All of which teaches us a lesson that IT would much rather ignore: people should come first, programmers second. We see it in email systems that can embed live data objects in messages because that is cool and easy to program, but do not have proper message threading. We see it in open source, where usability is harder to come by than a copy of the GPL with Bill Gates' signature on the bottom.

We especially see it in online security, where the user is supposed to remember all manner of things – tiny yellow padlocks, checking URLs for https://, and a different password for every site – and to be responsible for filtering safe options from heavily disguised con jobs. People cannot manage security well in real life, so why do security designers assume otherwise in the virtual world where by definition nothing is quite what it seems?

Computer security is designed by engineers and sold by marketing departments. Neither group is known for its deep insights into human behaviour, although both have considerable self-confidence that their way is the right way if only the rest of the world would fall into line. Well, that ain't going to happen – something the open source community is discovering now that most of its users aren't also developers.
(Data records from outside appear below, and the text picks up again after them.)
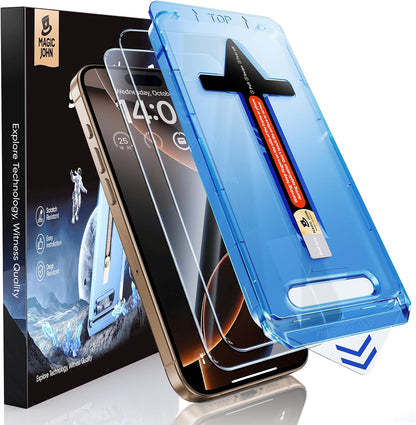 MAGIC_JOHN_2_Pack_for_iPhone_16_Pro_[6.3_inch]_Tempered_Glass_Screen_Protector,_HD_Clear,_Bubble_Free,_Easy_Installation,_Auto_Dust-Elimination,_16Pro_6.3''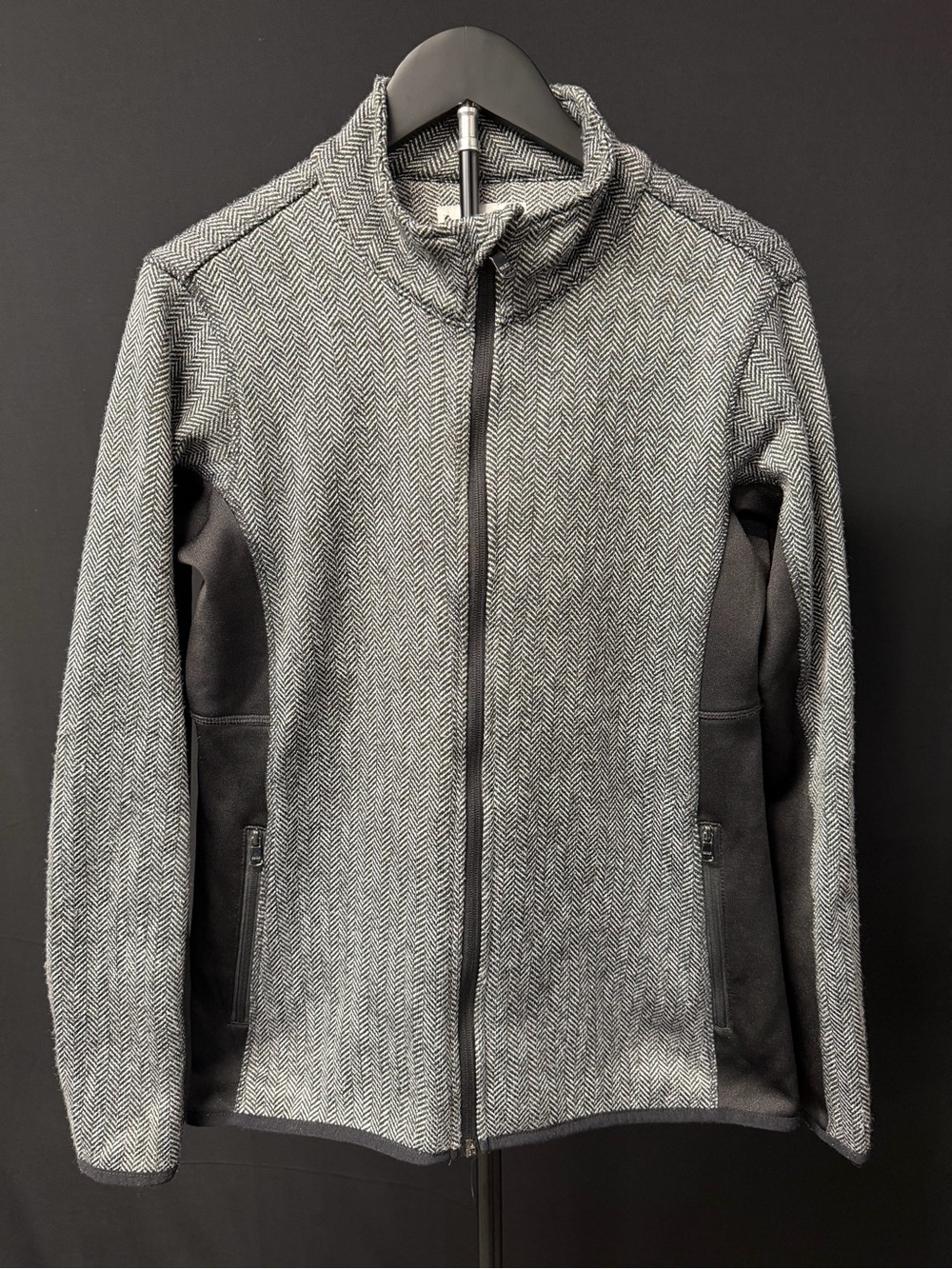 Marc New York Black & White Herringbone Utility Zip Jacket Minimalist Size M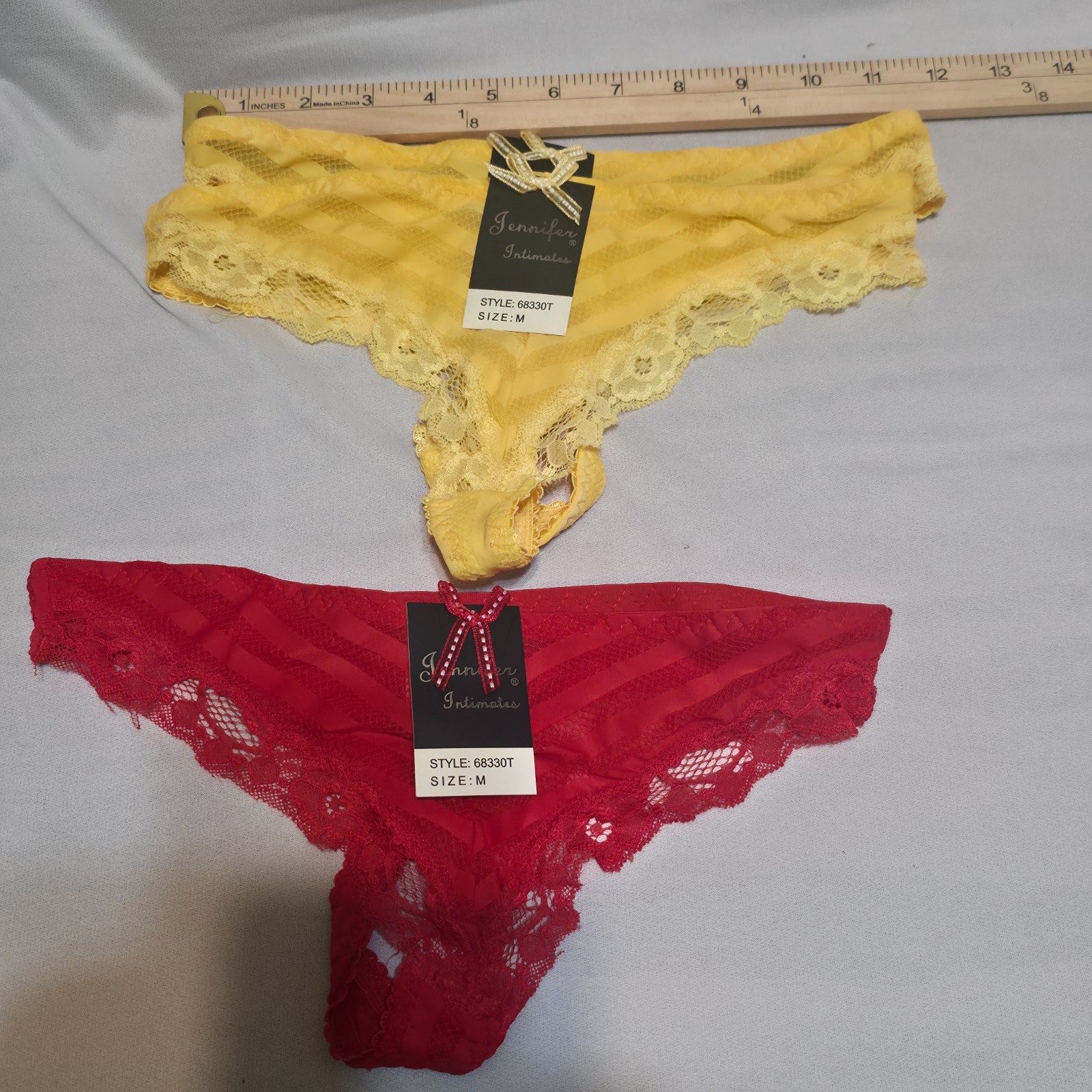 3 Jennifer Intimates Lace Thong 1-Red & 2-Yellow Panties Underwear Size Med NWT
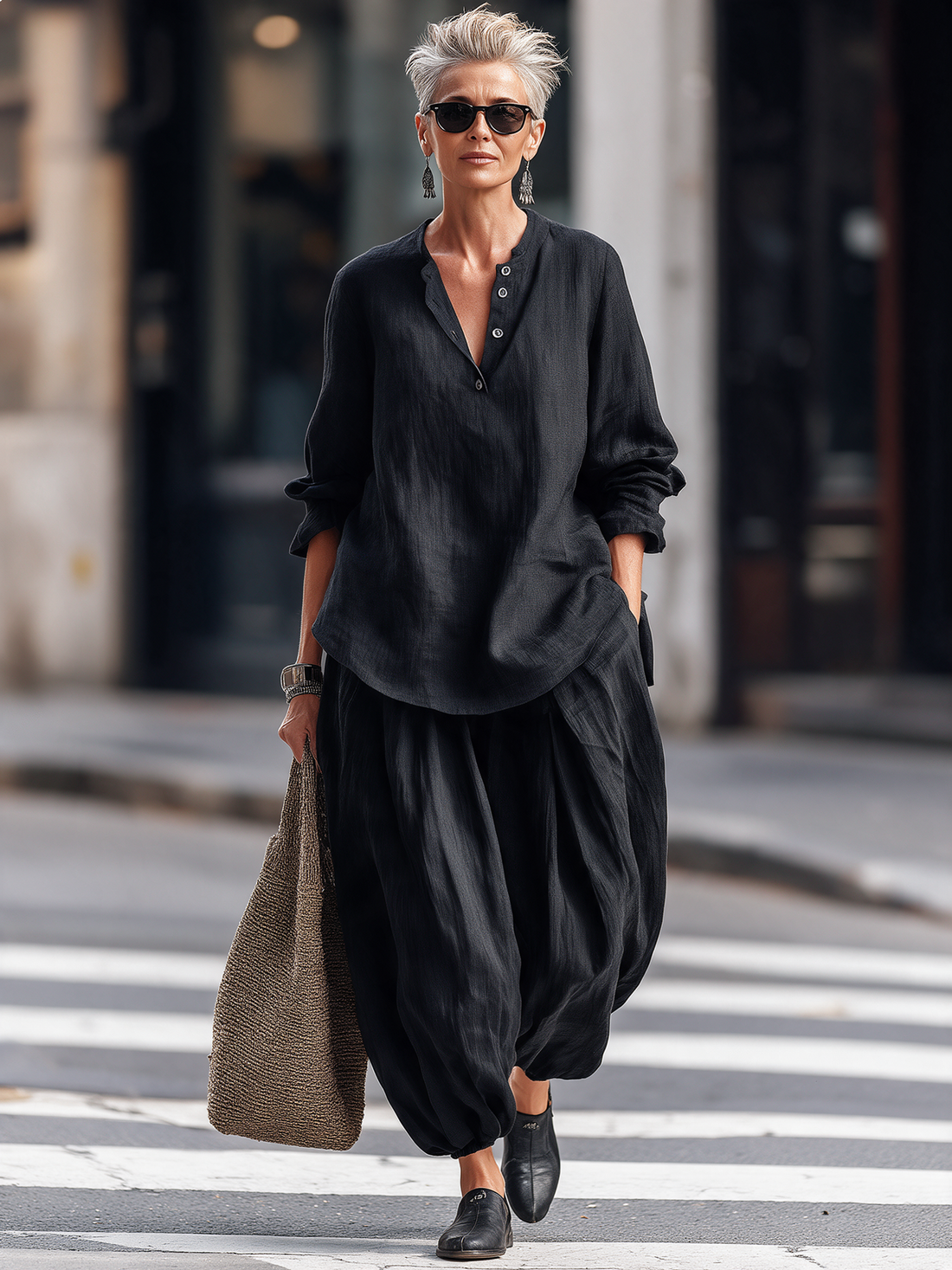 Maud | Ensemble en lin noir, tunique et pantalon sarouel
There are two groups of people who must get much more involved in IT design, security and otherwise, now that the days of the expert user are irretrievably past. Humanities experts are one group – anthropologists, sociologists, psychologists, graphics designers, even dramatists – while the other is the user base itself.

Look at the Bugtraq entries for any major open source effort, and more than 90 percent of the problems reported are feature-based. The problems ordinary people have with software are overwhelmingly usability related – but the reporting mechanisms that reach designers might as well be written in Sanskrit.

There are no forums for the feedback of ordinary users to design teams. There are no wide-scale usability studies by security companies, let alone ones that use the Internet to reach out to the very people most at threat. Saying that 'people are the problem' is getting the issue precisely wrong: people - - not data, not security, not network management -- are the very core of IT's purpose and reason to exist.

It is sad that after more than fifty years of commercial computing this lesson still has to be learned. It has never been more pressing.